Page history last edited by PBworks 16 years, 1 month ago

MacDonald, Philip - The Noose (1930)

 

Review by Nick Fuller

3/5

Early good book; depiction of English village not as good as Christie’s, though. Chapter 6 (“Sunday”) is amazing in its depiction of grief and hopelessness, exemplified by the pouring rain and the strokes on Mrs. Bronson’s paper. Is ending fair-play? (We’re not told that the murderer, Blackatter and Bronson were all in the war together).

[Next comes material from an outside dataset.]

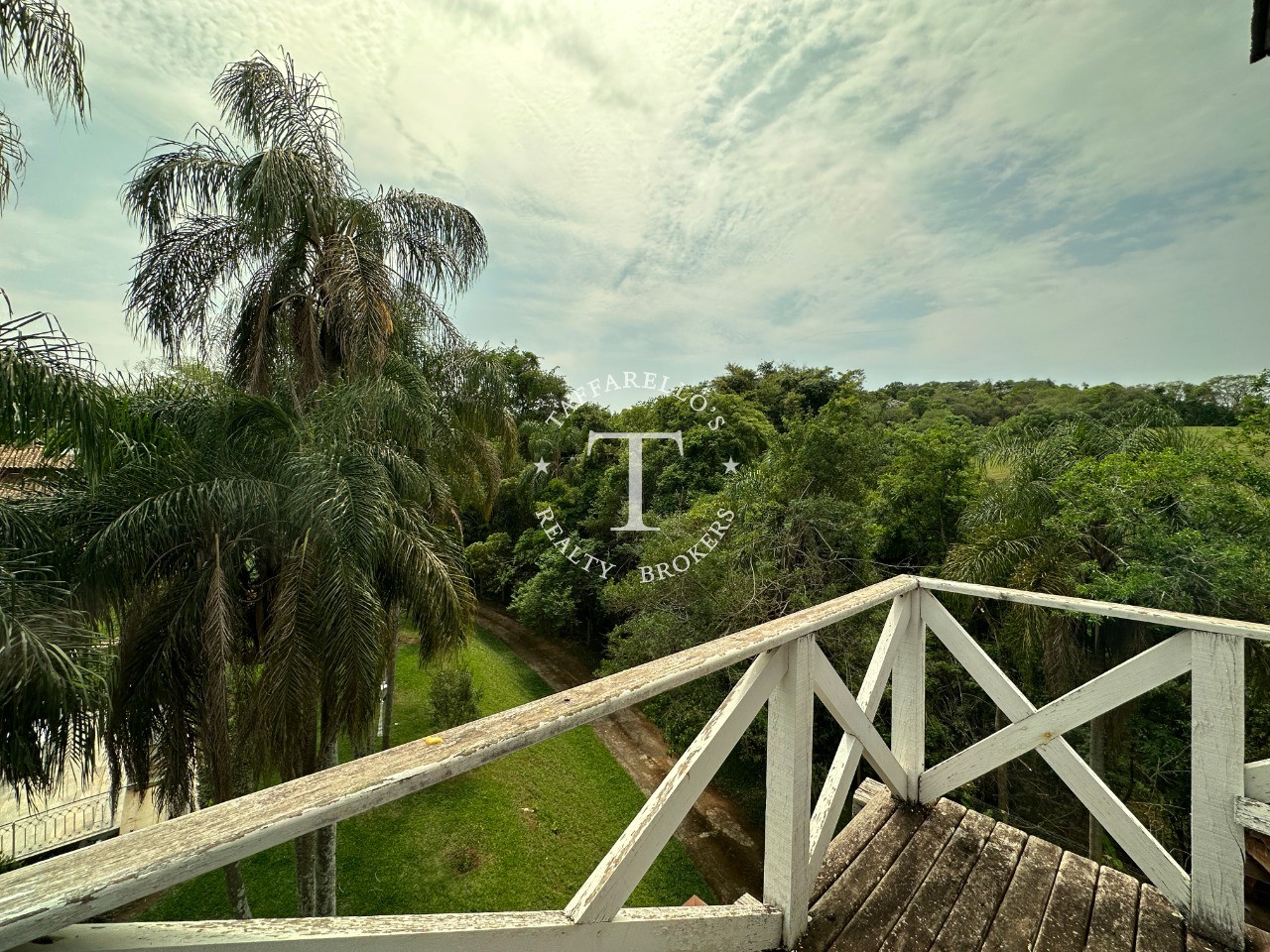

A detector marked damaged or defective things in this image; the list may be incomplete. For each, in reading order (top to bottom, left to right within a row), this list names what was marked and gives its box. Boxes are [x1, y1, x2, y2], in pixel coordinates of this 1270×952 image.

Philip MacDonald's Colonel Anthony Gethryn is one of HRF Keating's 'Disappearing Detectives'; and despite Keating's bold attempt to defend him in the Introduction to this book, it doesn't take long for the reader to see why. Gethryn is hardly a detective at all, but rather a celebrity super-sleuth in the fashion of Lecoq or Joseph Rouletabille. His doe-eyed wife Lucia adores him; policemen fawn and tug their forelocks as he saunters by; pretty young witnesses queue up to spill the beans to him in darkened conservatories. Most of his detection, meanwhile, consists of wild inferential leaps, unsupported by fact but invariably correct. He is also a thumping snob.

 

The Noose begins with a man in prison. Dan Bronson is sentenced to death and due to be executed in five days for the murder of the unsavoury Blackatter. Bronson's wife Selma summons Gethryn to his aid. Gethryn is, of course, the Only Man Who Can Help Her Now, but why did she leave it so late? (Perhaps Poirot couldn't make it?). Selma knows nothing whatever about the evidence, but her voice throbs with sincerity when she avers that Dan is Not That Sort of Man, so Gethryn's course is clear: gather a plucky band of aides and spend large sums of his own money disproving an air-tight frame-up in five days. What could be easier?

 

One of his aides is an off-duty policemen, Inspector Pike. Two others are reporters from Gethryn's own newspaper, The Owl. One of them has ideas of his own; but Gethryn, in his gentle yet manly way, soon makes it clear who's in charge. They interview the local riff-raff while Gethryn goes off to a party with the local gentry. Some of these appear to enjoy life a little more than they should, and Gethryn has scathing things to say about The Wrong Sort of People. Luckily these cads decide to meet and plot directly underneath the open window where Lucia is sitting, providing a valuable clue.

 

Having identified an important witness, Gethryn's gang fail to protect him, and he winds up dead. Gethryn himself is shot at and nearly killed. But despite these setbacks he manages to capture a Least Likely Suspect. Said suspect conveniently suicides, leaving a detailed report on why he planned the whole thing -- very handy for the reader, who at this point has no idea what's going on. It was all to do with the War, you see, and most of the actual detection took place off-stage, by going through dusty files at the War Office. The execution is stayed; and the inscrutable Garbo-esque Selma is reunited with her man.

 

How much more sensible it would have been for the killer to shoot Bronson at the same time as Blackatter! And why did Bronson take his gun into the wood anyway? But one can't expect an investigator as celebrated as Colonel Gethryn to be concerned with mere details. Snobbery with Violence indeed!

 

Jon.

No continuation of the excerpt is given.